Tonight I browsed through some pictures taken at last year’s Camp Tamarack. And it’s weird seeing those places again, to be honest. It’s been what feels like a long time since I was there, though I’ve left some great memories in various spots around the camp.
Strange to say I’ll probably never go back. Stranger even to admit that’s a good thing. Maybe I’m just too old for it, but I can’t say I’d enjoy it in the same way now as I did then. I don’t even have anywhere close to the same group of friends, or the same way of looking at the world.
Though even that’s not really true. I remember once me and some guys put some coloured stuff in our hair — Ice Spiker if I recall correctly — and were told in no uncertain terms that coloured hair is something that people on Yonge Street do, but not us. I might think a bright-blue hairdo is a bit juvenile now, but I certainly don’t think it’s wrong. Slightly different reasons now, but still.
That’s the thing. You get thrown in camp with 139 other people who feel pretty much exactly the same way about everything except minutiae, and it leads to a certain way of thinking about the world. Not in a bad way. It reminds you what the world could be like. It’s maybe a small picture of the Kingdom come, a little look at the lion lying down with the lamb.

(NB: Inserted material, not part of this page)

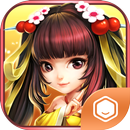 武俠風雲傳 APK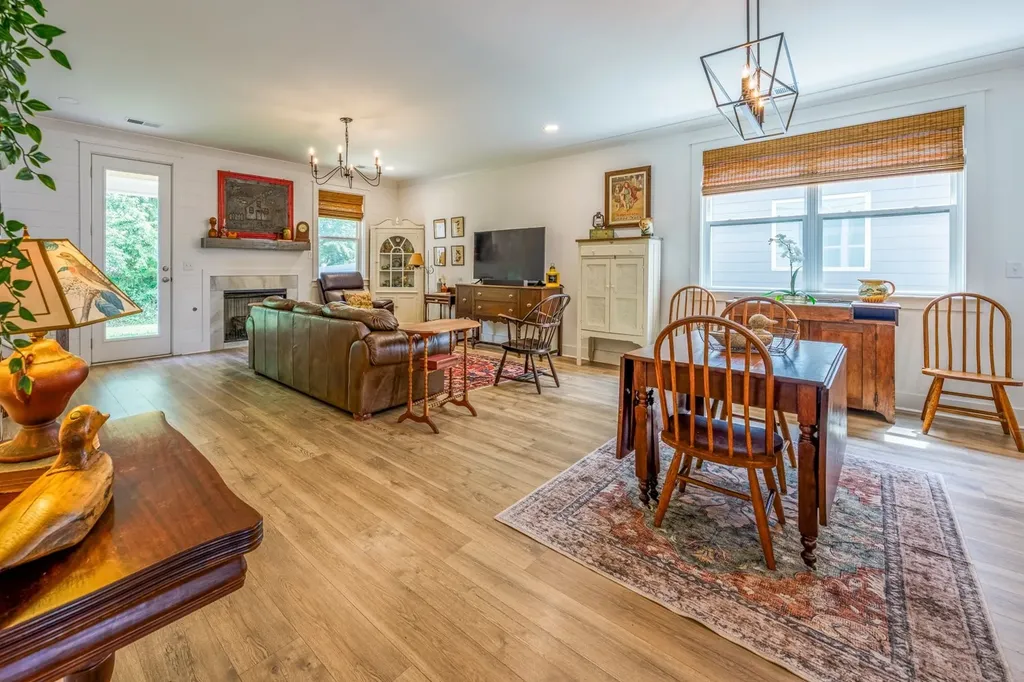 5051 Bridgemore Boulevard Murfreesboro TN 37129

But then you get back and remember that the world is a bigger place than all that. Not necessarily a better place, but certainly bigger. And while camp is great for a week, the other fifty-one weeks are filled with something else altogether, and things that can’t be faced with a simplistic attitude about appearances. Things that would be shocking to see in such an idyllic setting become almost normal outside Tamarack’s walls.
It makes me wonder. I’ve heard it said that in order to properly identify and correct evil, you must be shocked by it. But how can you be shocked by behaviours and attitudes you see on a daily basis? How can you be shocked by pagans outside the walls acting like pagans outside the walls? Work knee-deep in grime for a while, and grime becomes the norm. But does anyone give up washing simply because they become dirty every day?
It makes me wonder if the people who are so truly shocked by depravity have actually gone knee-deep in the grime of the real world out there. Not swimming in it, but as if sticking an arm in to rescue someone drowning. It makes me wonder if the desire to be shocked by sin also has its price, and if that price isn’t simply too high to pay.